• **PROBLEM DESCRIPTION**: Repeat the listing word for word. Leave every picture out.

THE DATA: Begin

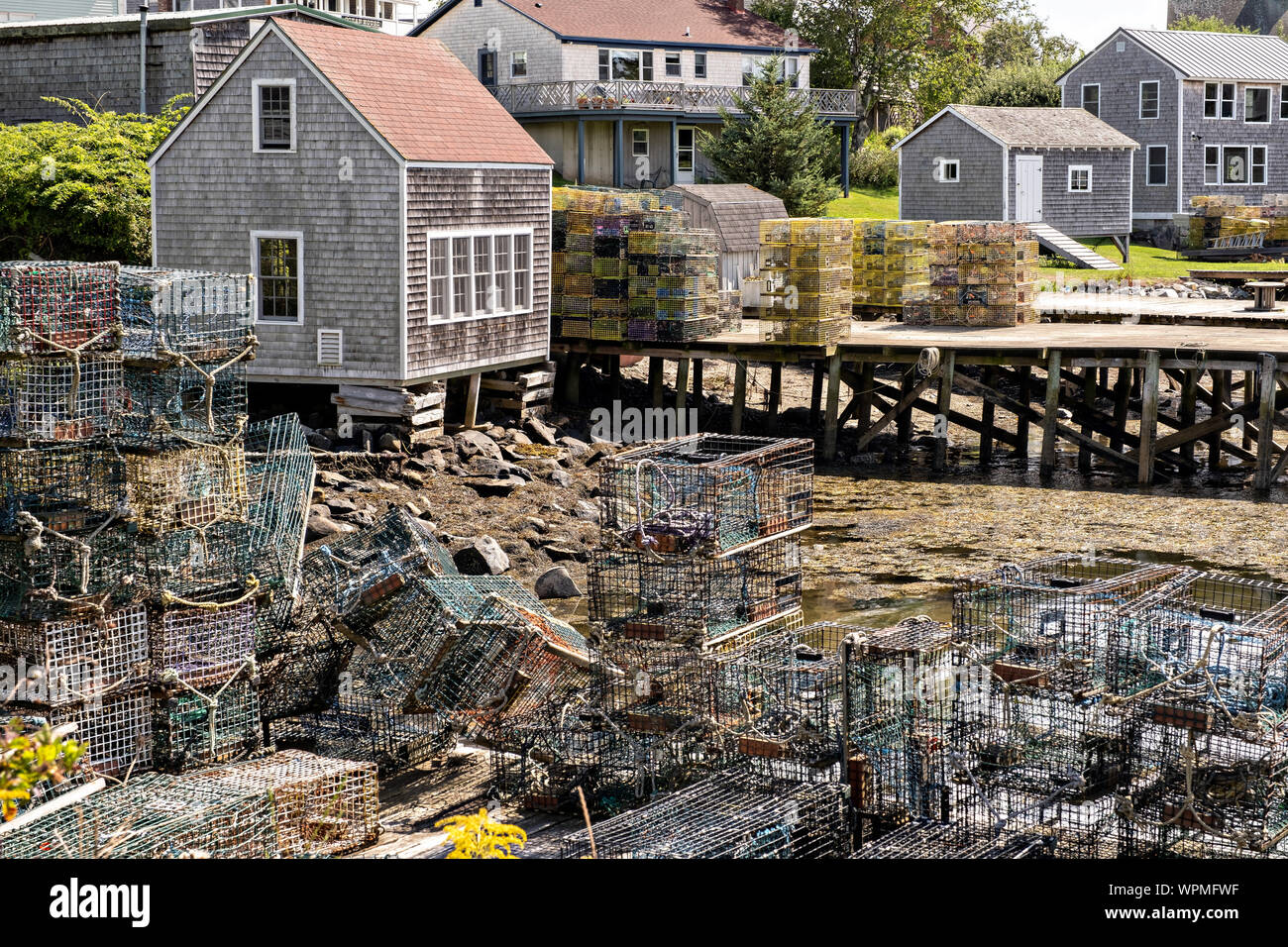 The lobster docks and pier piled high with traps in the quaint fishing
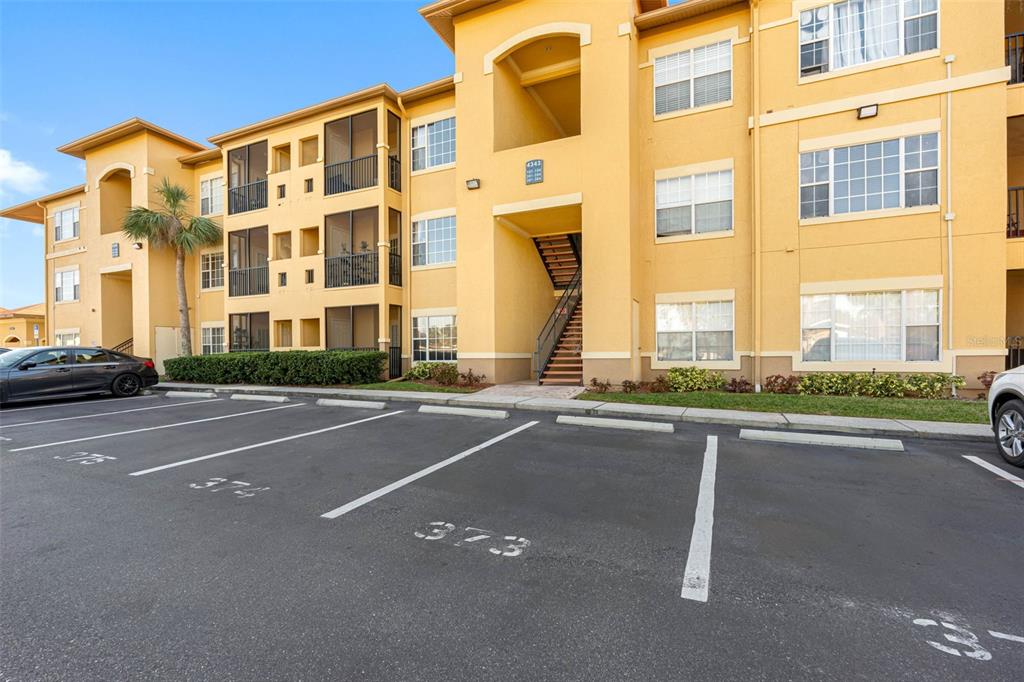 A three-story yellow apartment building with a parking lot in the foreground — 4343 BAYSIDE VILLAGE DRIVE UNIT 104, TAMPA, FL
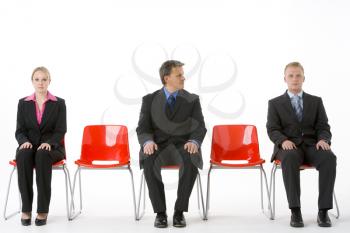 Three Business People Sitting On Red Plastic Seats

THE DATA: End

• **RESPONSE**:
 The lobster docks and pier piled high with traps in the quaint fishing
 A three-story yellow apartment building with a parking lot in the foreground — 4343 BAYSIDE VILLAGE DRIVE UNIT 104, TAMPA, FL
 Three Business People Sitting On Red Plastic Seats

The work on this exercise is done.